Violence broke out on today among the more than 50,000 people who queued to grab the last batch of Olympic tickets on sale in Beijing, as police struggled to control the frustrated fans.
"The police didn't have a clue how many people would come here and there was no organisation at all, it was chaos," said Wang Zhongliang, a delivery worker for UPS. It was the last chance for Chinese to buy tickets for the Games, with 250,000 on sale at several locations in Beijing from 9:00am local time for events including athletics, diving, and gymnastics. Demand was so high that more than 10,000 people were in the line by yesterday at one of the main ticket selling centres near the Olympic Stadium, district police chief Xiong Xingguo said.
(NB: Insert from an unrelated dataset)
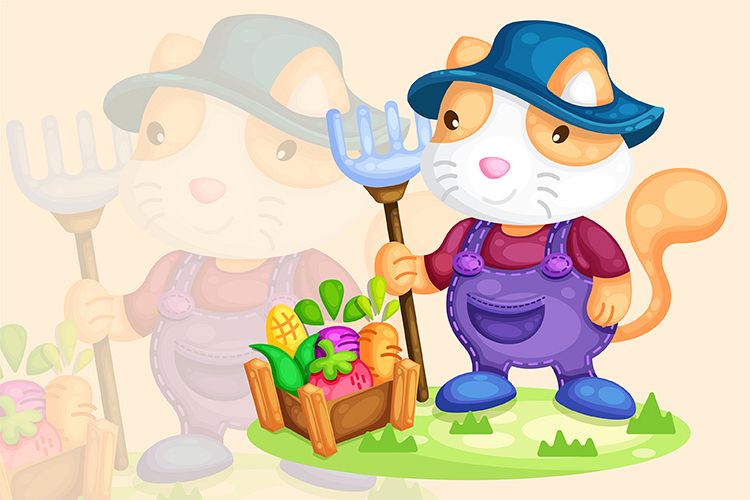 cute cat farmer harvesting vegetable illustration example image 1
By early today, huge reinforcements of police were moved in to maintain order as numbers ballooned to between 40,000 and 50,000, Mr Xiong said. Mr Xiong conceded that police had been taken by surprise by the numbers. "The situation was chaotic and difficult," he said. "Once the newspapers released the news about the ticket sale, too many people came at once so we had a security problem." A Hong Kong journalist was detained by police today while covering the chaotic scenes, organisers and a witness said.
Despite the pushing, jostling and discomfort, Xu Wengang, an information technology expert, said that he thought the method of ticket sales was fair. "This way everybody gets a chance. But that's also the problem, because so many people came. It's a lot of trouble but it's fair," said Mr Xu, 30, looking for tickets for the synchronised swimming. There were smiles too from people like 23-year-old Lei Peng, who had slept on the street for two nights.
The engineering graduate from eastern China's Anhui province was close to the head of one massive queue and managed to score two seats to one of the hottest event of the Games the final of the men's 110m hurdles. Chinese hopes for an athletics gold medal rest on Olympic and world champion Liu Xiang who is defending his 110m hurdles title. "It was hard but worth it," said Mr Lei, who had been queuing since midday on Wednesday.
Han Ruxiang, 76, had spent two nights sleeping on a bamboo mat so that he and his 67-year-old wife could see the finals of the diving competition. "How can you be Chinese and not go to the Olympics when it is in China?" he said. "I am tired but so happy." Unlike Mr Han, others were not prepared to queue for themselves. Ding Ye, 27, said she had got two tickets for the diving competition for her boss who runs a food supply company.
"He sent me in his place," she said. There is a flourishing black market in selling tickets at a massive profit, even though scalping has been outlawed. Police have arrested 60 ticket touts over the past two months, according to state media reports. Outside Beijing, 570,000 tickets for football matches went on sale in football competition host cities Tianjin, Shanghai, Qinhuangdao and Shenyang. Altogether around seven million tickets were up for sale for the Games, with around 75 per cent going to China's vast domestic audience, with the rest made available overseas through each country's National Olympic Committee.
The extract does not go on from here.